OTTAWA - In the twilight of the Cold War, East German spies scooped up Canadian scientific secrets on everything from cutting-edge military technology to the manufacture of imitation leather and welding rods, new research shows.

The Stasi, the massive intelligence arm of the now-defunct German Democratic Republic, also obtained confidences of the Canadian Security Intelligence Service, including the names of employees and dealings with American spy services.

One shadowy agent codenamed Siegfried diligently collected dozens of pieces of documentation such as residence and work permits -- information spies could later use to slip into Canada.

The revelations were unearthed by Helmut Muller-Enbergs of the German federal commission for the Stasi archives in Berlin.

His findings will be presented in Ottawa on Saturday at the annual conference of the Canadian Association for Security and Intelligence Studies, just days before the 20th anniversary of the fall of the Berlin Wall.

The Hauptverwaltung A, the Stasi foreign intelligence service, had "undoubtedly deep insights into the domestic and foreign affairs of Canada," Muller-Enbergs says in a research paper detailing the clandestine operations.

For eight years beginning in 1981, Siegfried -- an agent the Stasi archivists have been unable to identify -- passed more than five dozen pieces of intelligence to headquarters, much of it during the mid-1980s when he likely lived in Canada.

The reports included information on passports, residence permits, car registration, unemployment insurance and income taxes.

"This type of information is needed in order to smuggle someone into or through Canada," Muller-Enbergs says.

"The state regulations governing everyday life were of primary concern, indicating that the country was to be used as an operational spearhead."

Indeed, the Stasi's primary interest in Canada was likely as a transit point for spiriting agents into the United States, said Gary Bruce, a history professor at Ontario's University of Waterloo.

"But to have an actual, established presence here in Canada -- not so much."

East Germany did not open an embassy in downtown Ottawa until late 1987 and the Cold War chill subsided before the Stasi could develop an extensive network of agents in Canada, Muller-Enbergs notes.

"Yet, there must have been some modest gain, as we see that most information delivered was in the form of copies of documents."

While Muller-Enbergs points to sources trolling for secrets in Canada, he concludes East German intelligence appears to have acquired much valuable information from the Soviets and other East Bloc intelligence agencies as well as sources in West Germany.

Of 1,339 pieces of intelligence about Canada from 1969 to 1989, more than a fifth came from partner agencies.

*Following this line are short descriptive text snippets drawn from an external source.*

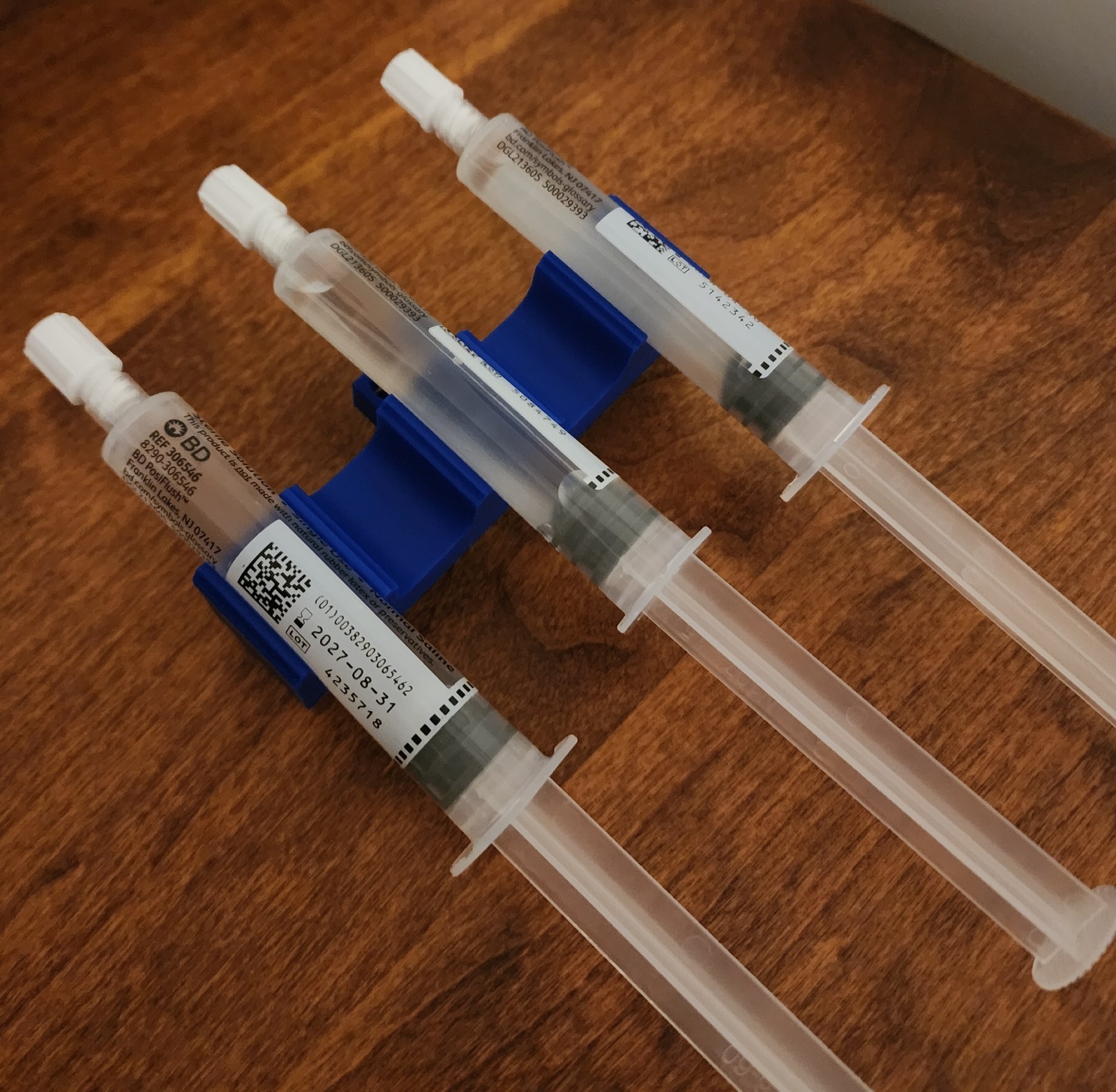 Saline Flush Holder Keychain for Nurses, Paramedics, EMTs, and More!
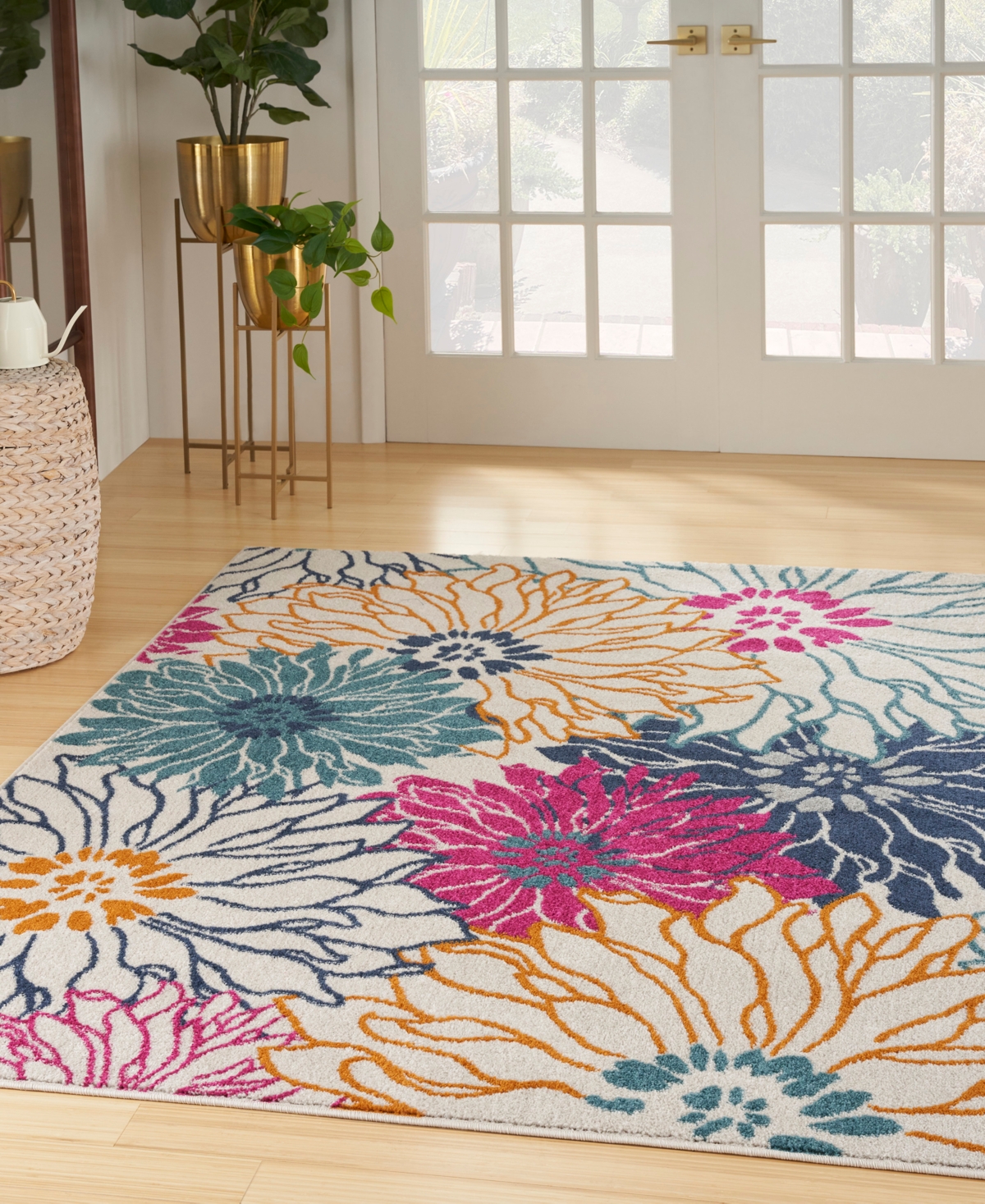 Nourison Home Passion Psn17 5'3"x7'3" Area Rug In Ivory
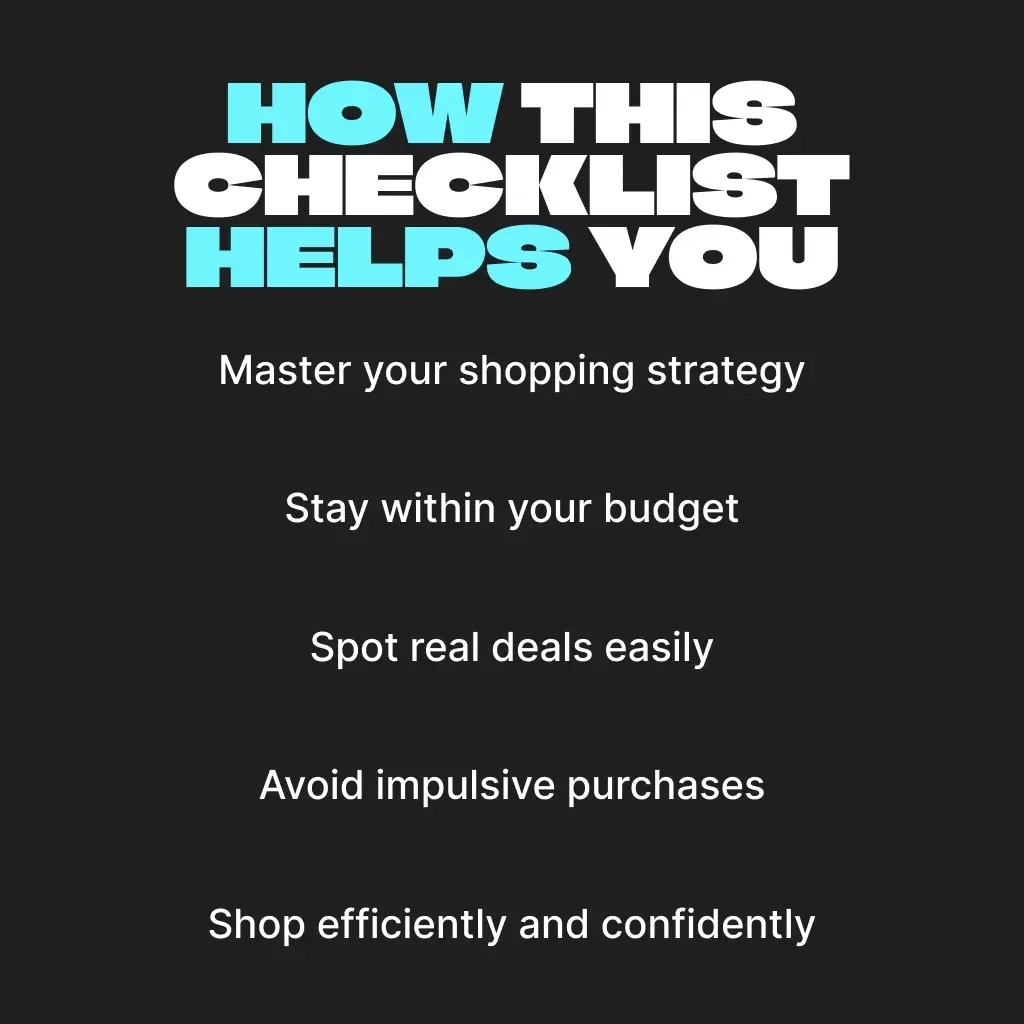 Black Friday Pre-Game Checklist | Ultimate Digital Shopping Planner | Printable Budget & Deal Strategy Guide for Smart Shoppers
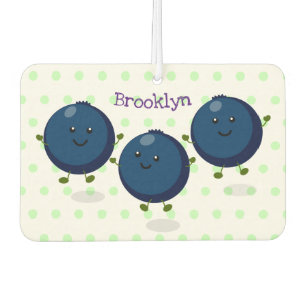 Désodorisant Pour Voiture Caricature mignonne de bleuets violets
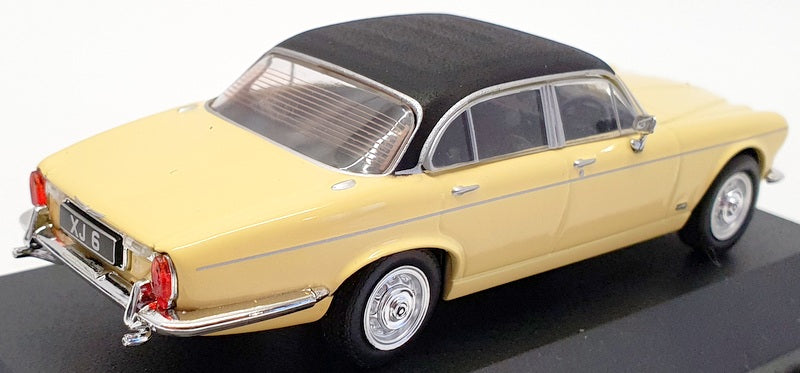 Atlas Editions 1/43 Scale Model Car 4 641 127 - Jaguar XJ Series1- Yellow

Soviet intelligence made up the lion's share, followed by contributions from the spies of Bulgaria, Hungary, Poland and Czechoslovakia.

Soviet reports dealt with Canada's plan to export nuclear reactors, the country's role in NATO and then-prime minister Pierre Trudeau's trip to South America.

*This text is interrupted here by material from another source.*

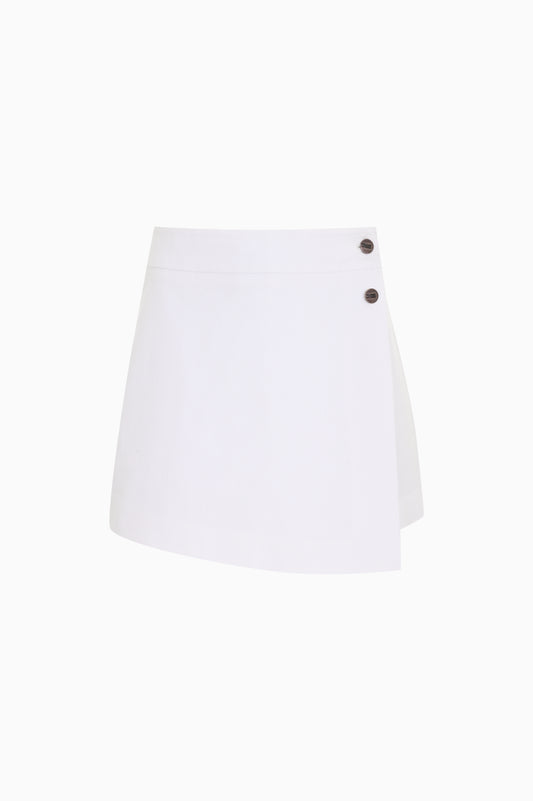 KNTLGY Copper Button Denim Skort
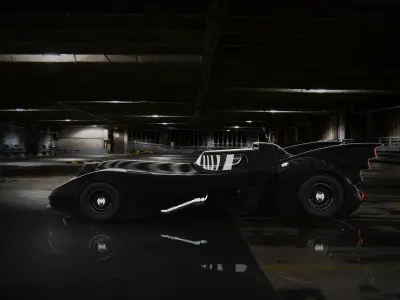 Batmobile 1989 V2 3D model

Three well-informed West German sources with access to documents from Canada supplied the Stasi with intelligence about Canada's views of Soviet leader Mikhail Gorbachev, relations with South Africa and even the 1979 NDP convention.

East Germany sought technical information on nuclear reactors, remote-controlled missiles and wheat yields.

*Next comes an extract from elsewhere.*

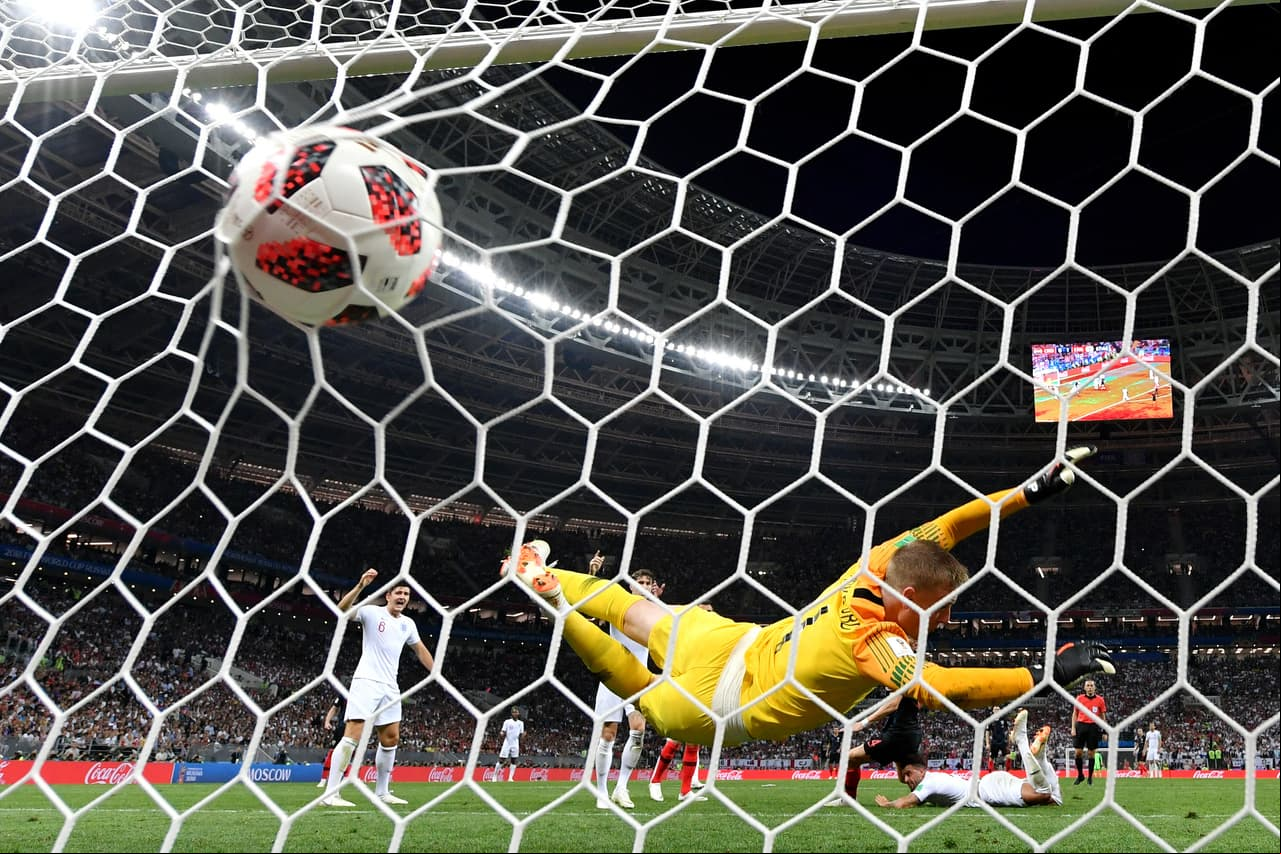 Inglaterra se había ido al frente con un gol tempranero de Kieran Trippier en tiro libre directo.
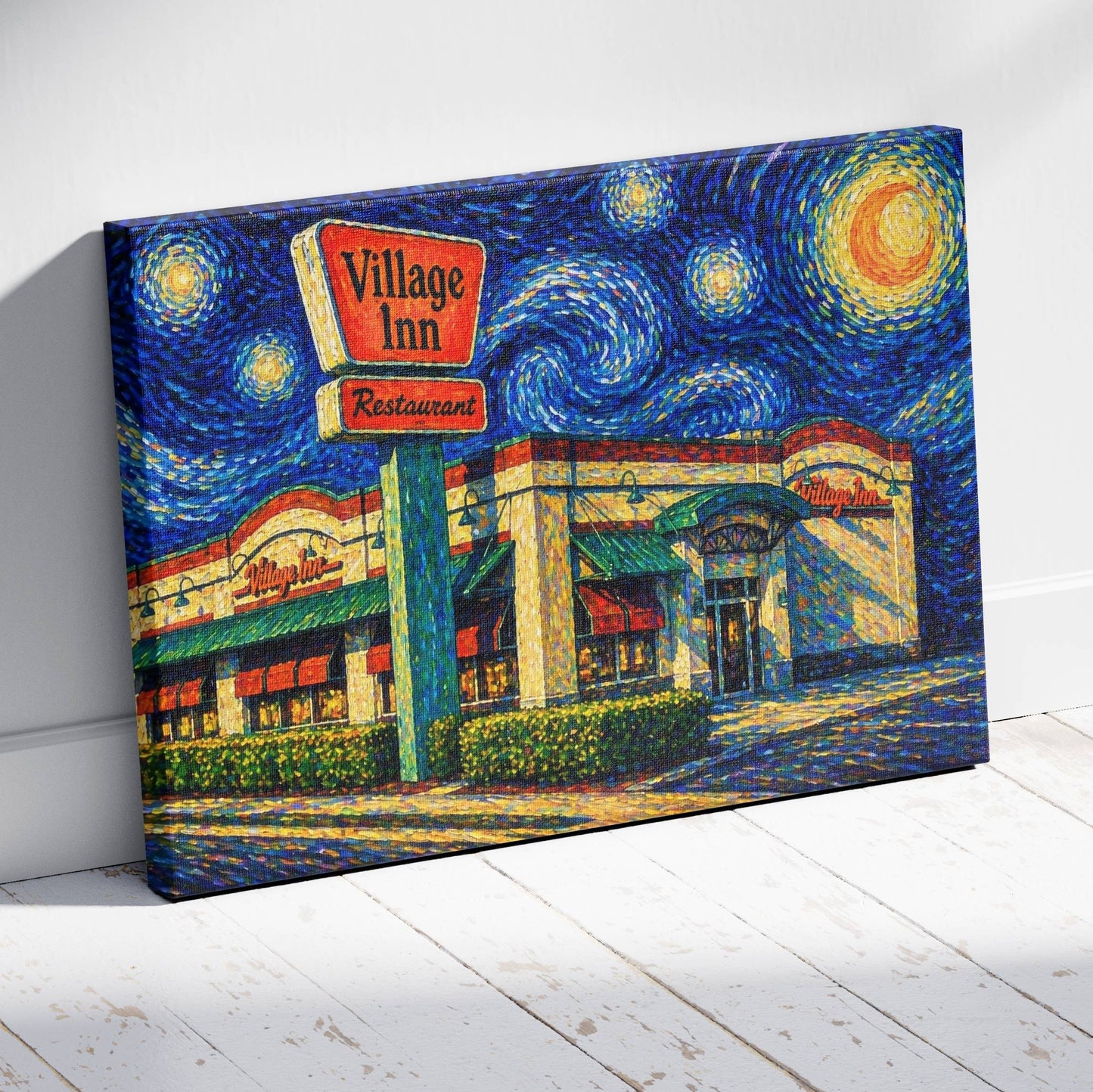 Midnight Pie Run Canvas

It also wanted to acquire data about -- and actual examples of -- items including fake leather, heavy-duty sacks, welding rods and a 1982-era circuit board from Bell Laboratories.

Nineteen intelligence reports were traced to an agent codenamed Erich, who reported on National Defence and the agency now known as Defence Research and Development Canada.

"He provides intelligence on the Canadian military technology, going into great detail. Almost without exception, his reports were sent to the Soviet intelligence service," Muller-Enbergs says.

"But the source of this intelligence was not Canadian -- it was a female clerk, working at the West German Federal Ministry of Defence in Bonn."

The Hauptverwaltung A "showed a great deal of interest" in Canada's spy services, collecting 66 pieces of intelligence including nine about CSIS, which took over security duties from the RCMP in 1984. Much of it came via Soviet and Polish spies.

"The reports provided the real names of individual employees of the secret service," as well as material from the years marking transition between the two agencies, co-operation with American intelligence from 1983 to 1986, and the internal workings of CSIS in 1987, says the paper.

"Knowledge about the Canadian intelligence services was fragmentary and selective, but also very accurate."

CSIS had no immediate comment on the findings.

Ironically, the Canadian intelligence service may know just as much -- or more -- about Stasi operations in Canada.

In the chaotic early days of the East Bloc's demise, many of the Stasi's foreign intelligence files were destroyed and important index cards, which carried information about Canadian citizens, wound up in the hands of the U.S. Central Intelligence Agency.

Muller-Enbergs presumes CSIS is privy to at least some of this information trove.

"We, too, would certainly like to know what is on these index cards."